Answer
a. $7614$
b. $n=4(i-1)+(j-1)=4i+j-5$
c. $r=(n\div 4)+1$ and $s=(n \mod 4)+1$
Work Step by Step
a. We count to see that $a_{22}$ is the sixth entry. Intuitively, we use the sum $7609+0$ to get the first entry, $7609+1$ to get the second, and, in general, $7609+(n-1)$ to get the memory location of the "nth" entry. Therefore, we have the place of $a_{22}$ as $7609+(6-1)=7609+5=7614$.
b. We let $L(a_{ij})$ designate the memory location of entry $a_{ij}$. We add one memory place for every column to the left and four memory places for every row above a given entry, beginning at $7609$. This yields the formula $L(a_{ij})=7609+n$$=7609+4(i-1)+(j-1)-5$, so we have $n=4(i-1)+(j-1)-5=4i+j-5$.

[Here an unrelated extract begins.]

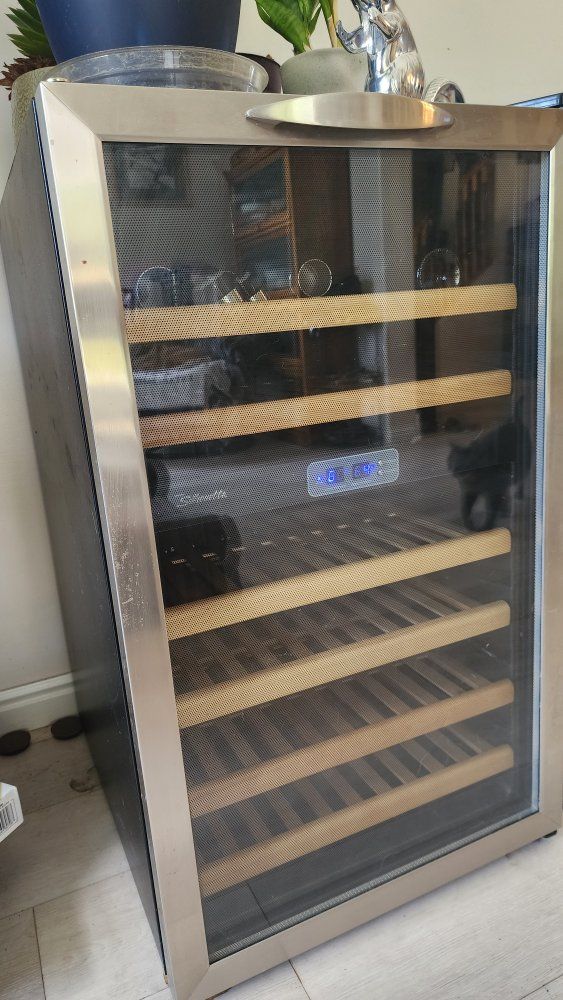 Silhouette Wine Fridge with Wood Shelves - Temperature Controlled Wine Cooler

c. If $a_{rs}$ is stored in memory location $7609+n$, then by the quotient-remainder theorem, $n=$$4(n\div\ 4) + (n\ mod\ 4)$$=4m+n$ for some unique values $m$ and $n$. However, $m$ and $n$ begin at zero, not one, so we let $r=m+1$ and $s=n+1$ to get the correct formulas. Note that we let $4$ be our divisor since each row has $4$ entries.